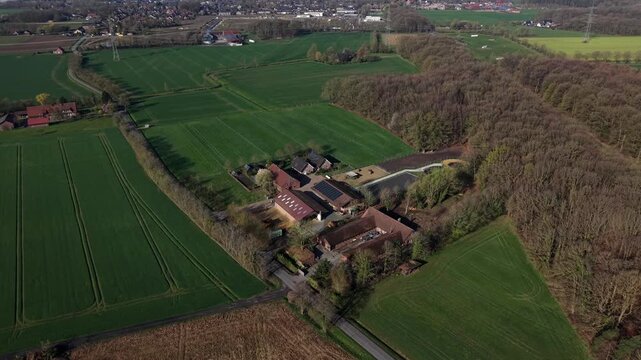 Aerial drone flyover of rural farmstead surrounded by green fields and forest during spring, with barns and buildings with solar panels in peaceful countryside landscape. Renewable energy production.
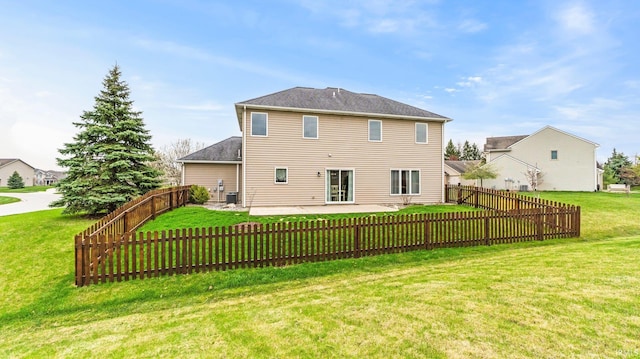 rear view of house featuring a patio area, a fenced backyard, and a yard
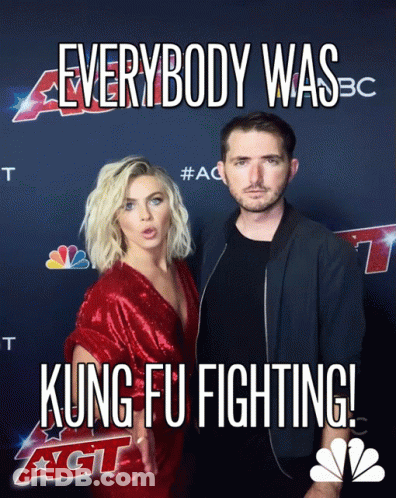 Man And Woman On Red Carpet Saying Kung Fu Fighting GIF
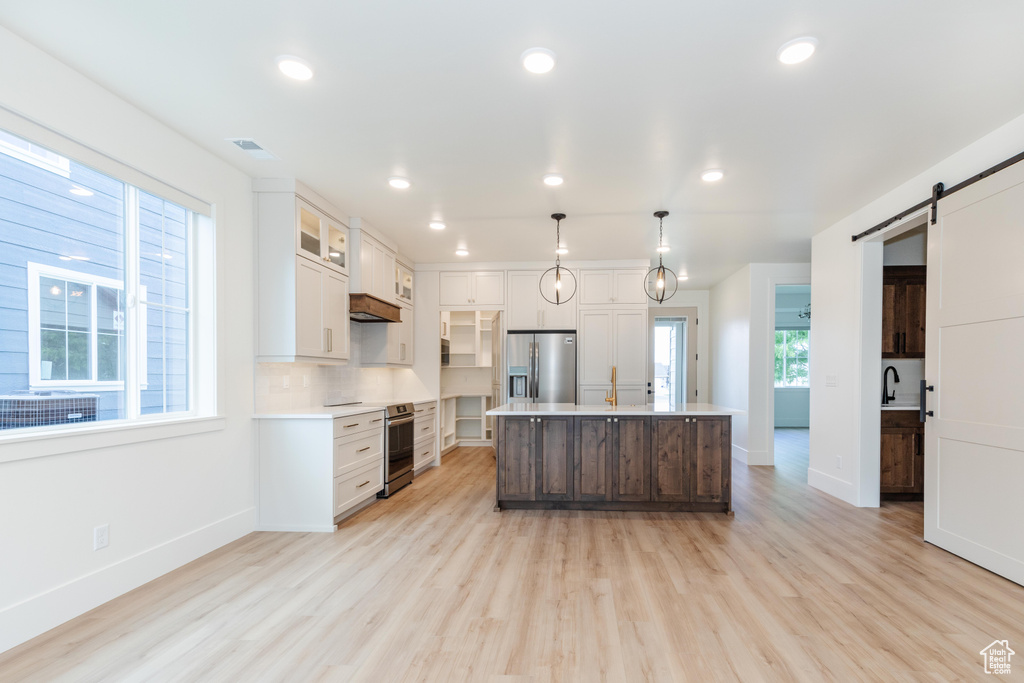 Kitchen featuring an island with sink, pendant lighting, stainless steel appliances, and light hardwood / wood-style flooring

* **Activity**
Print all of the data exactly, and do not carry over any pictures.

* **Task result**
 Aerial drone flyover of rural farmstead surrounded by green fields and forest during spring, with barns and buildings with solar panels in peaceful countryside landscape. Renewable energy production.
 rear view of house featuring a patio area, a fenced backyard, and a yard
 Man And Woman On Red Carpet Saying Kung Fu Fighting GIF
 Kitchen featuring an island with sink, pendant lighting, stainless steel appliances, and light hardwood / wood-style flooring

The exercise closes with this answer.